Sozialer Wohnbau: Das Vermögen der (gar nicht so) kleinen Leute
- 18.04.2024
- Lesezeit ca. 4 min
Warum ist die Frage wichtig, wer wo wohnt?
Dass Haushalte, deren Mieten staatlich reguliert werden, günstiger leben als ohne Mietregulierung, ist eine Feststellung, die wohl keiner empirischen Analyse bedarf. Und natürlich soll es auch so sein, dass Menschen mit geringem Einkommen leistbar wohnen. Dass die Stadt Wien dafür einen eigenen Bestand zur Verfügung hat und dass ein lebhaftes gemeinnütziges Wohnungswesen existiert, ist hilfreich.
Doch dass bei dieser Art der Objektförderung viel danebenfließt, ist in der ökonomischen Fachliteratur schon lange bekannt.

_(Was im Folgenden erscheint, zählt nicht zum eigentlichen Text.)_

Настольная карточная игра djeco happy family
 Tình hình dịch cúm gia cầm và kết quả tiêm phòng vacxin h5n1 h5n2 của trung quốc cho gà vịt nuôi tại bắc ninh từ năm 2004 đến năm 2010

Der New Yorker Wohnungsmarkt – seit jeher Crashtest-Dummy für missglückte Wohnungspolitik – genießt seit Jahrzehnten die akademische Aufmerksamkeit. Olsen und Barton (1983) stellten fest, dass die Haushalte in regulierten New Yorker Wohnungen finanzielle Vorteile genossen, die einer Einkommenserhöhung von bis zu 25 Prozent entsprachen. Gyourko und Linneman (1989) kamen zu vergleichbaren Einkommenseffekten; Olsen (2003) fand ähnliche Ergebnisse für andere US-Großstädte. Als sozialpolitische Maßnahme wäre das natürlich nicht zu beklagen, doch ob am Ende die richtigen Haushalte in den günstigen Wohnungen leben, ist mehr als fraglich.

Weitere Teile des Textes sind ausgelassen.